I) S = {s1, s2, s3}, T = {t1, t2}, A = {s1}, α = {(s1, t1), (s2, t1), (s3, t2)}, α(~A) = {t1, t2}, ~α(A) = {t2}. Thus α(~A) ⊄ ~α(A).

II) Suppose α is injective and α(~A) ⊄ ~α(A). Then there is a t ∈ T such that t ∈ α(~A) and t ∉ ~α(A) ⇒ there is an s1 ∈ ~A such that α(s1) = t and t ∈ α(A) ⇒ there is an s2 ∈ A such that α(s2) = t ⇒ α(s1) = α(s2) and s1 ≠ s2. Contradiction. Thus α is injective ⇒ α(~A) ⊂ ~α(A).

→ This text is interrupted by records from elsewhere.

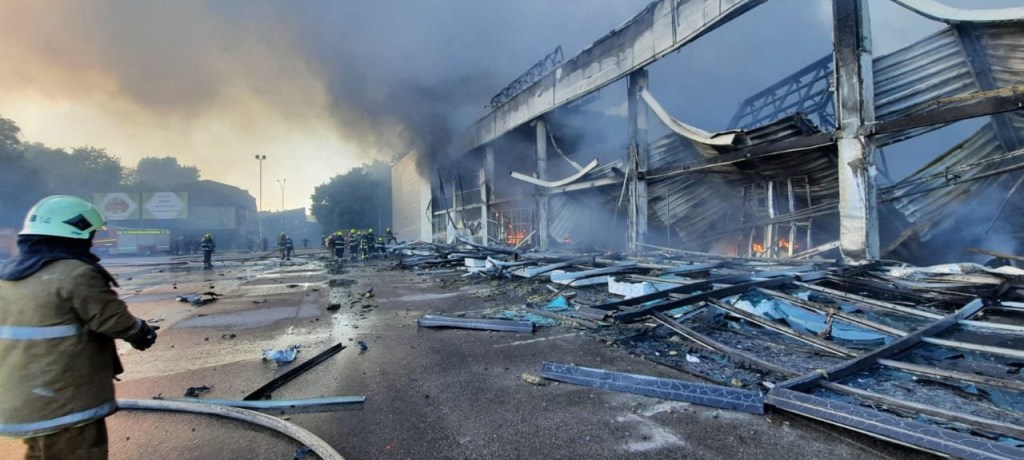 This handout picture taken and released by the Ukraine's State Emergency Service on June 27, 2022 shows firefighters putting out the fire in a mall hit by a Russian missile strike in the eastern Ukrainian city of Kremenchuk, killing at least two and injuring dozens more, Ukraine's President said. (Photo by UKRAINE EMERGENCY MINISTRY PRESS SERVICE / AFP) / RESTRICTED TO EDITORIAL USE - MANDATORY CREDIT "AFP PHOTO / UKRAINE EMMERGENCY SERVICE" - NO MARKETING NO ADVERTISING CAMPAIGNS - DISTRIBUTED AS A SERVICE TO CLIENTS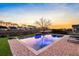 Backyard oasis with a sparkling pool reflecting the sunset, surrounded by brick pavers and lush landscaping at 402 Spectrum Rd, Summerville, SC 29486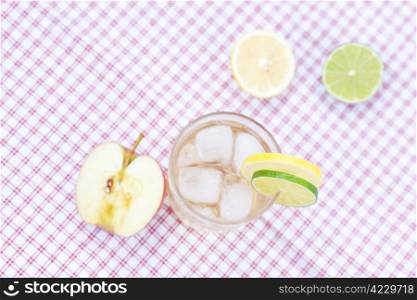 water with lemon and lime,apple in a glass with ice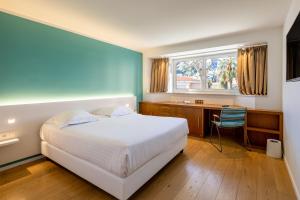 a bedroom with a bed and a desk and a window at Hôtel Riva Art & Spa in Menton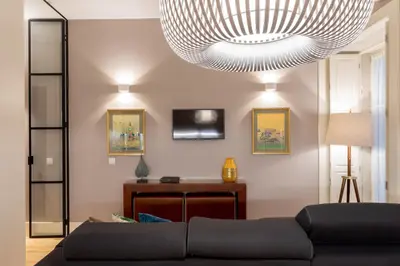 a living room with a couch and a large chandelier at Porto Garden Studio - Santa Catarina in Porto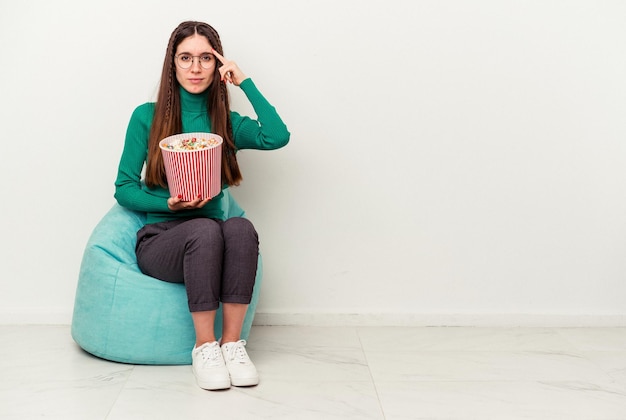 Jovem mulher caucasiana comendo pipocas em um sopro isolado no fundo branco, apontando o templo com o dedo, pensando, focado em uma tarefa.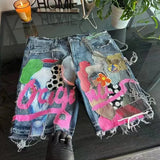 Ouzey Graffiti flower patch printed washed distressed denim shorts hip-hop loose raw edges personalized niche wide-leg mid-pants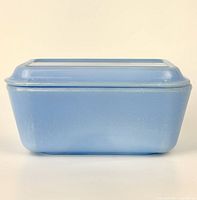 Side view of vintage Pyrex Delphite blue rectangular storage dish with fitted lid, showing overall shape and color.
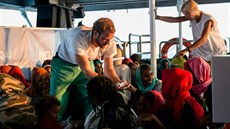 Will Turner a Mary Jo Frawleyová  rozdávají jídlo uprchlíkm na lodi Léka bez...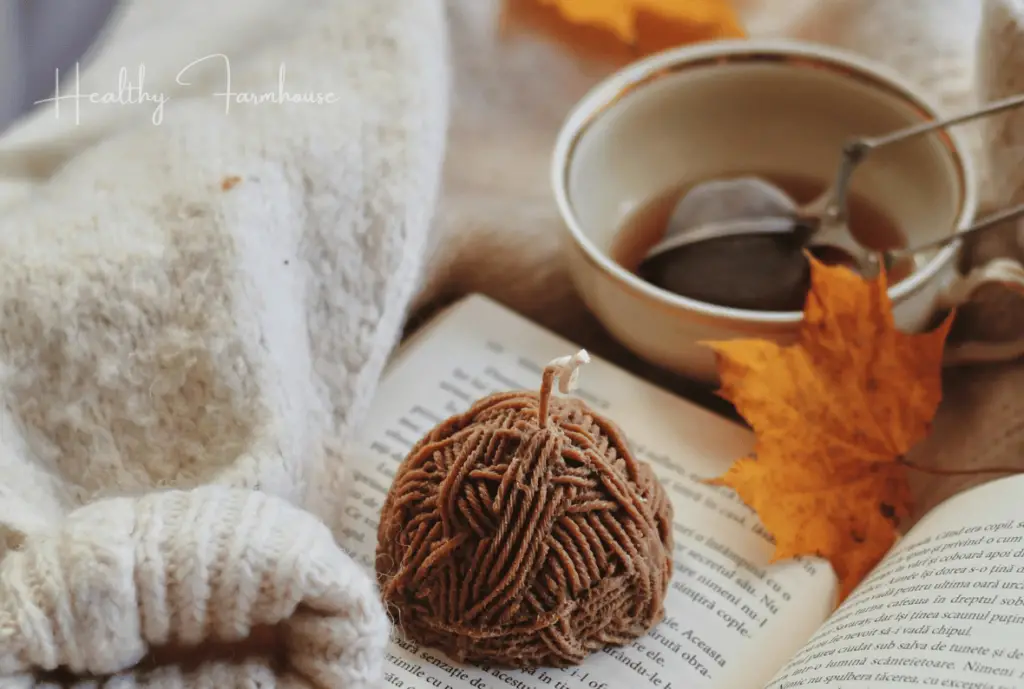 Tea cup and pumpkin candle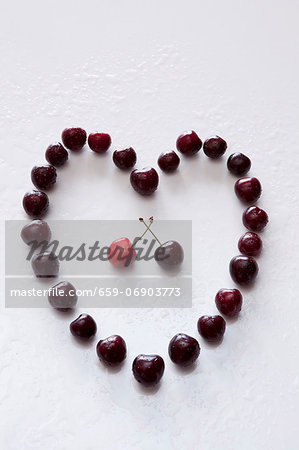 A heart made of sweet cherries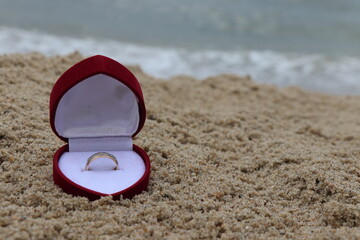 A beautiful ring in a red box in the sand on the beach by the sea. Romantic marriage proposal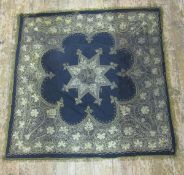Early 20th century Indian gold thread embroidery on black wool ground with gilt thread fringe,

III) α is surjective can’t imply α(~A) ⊄ ~α(A), otherwise a bijective map would contradict part (II). α is surjective can’t imply α(~A) ⊂ ~α(A) by the example in part (I).

Exercises 0.2 #4

I) t ∈ α(A ∪ B) ⇒ there is an s ∈ A ∪ B such that α(s) = t ⇒ there is an s ∈ A or s ∈ B such that α(s) = t ⇒ t ∈ α(A) or t ∈ α(B). Thus α(A ∪ B) ⊂ α(A) ∪ α(B). t ∈ α(A) ∪ α(B) ⇒ there is an s ∈ A or s ∈ B such that α(s) = t ⇒ there is an s ∈ A ∪ B such that α(s) = t ⇒ t ∈ α(A ∪ B). Thus α(A) ∪ α(B) ⊂ α(A ∪ B).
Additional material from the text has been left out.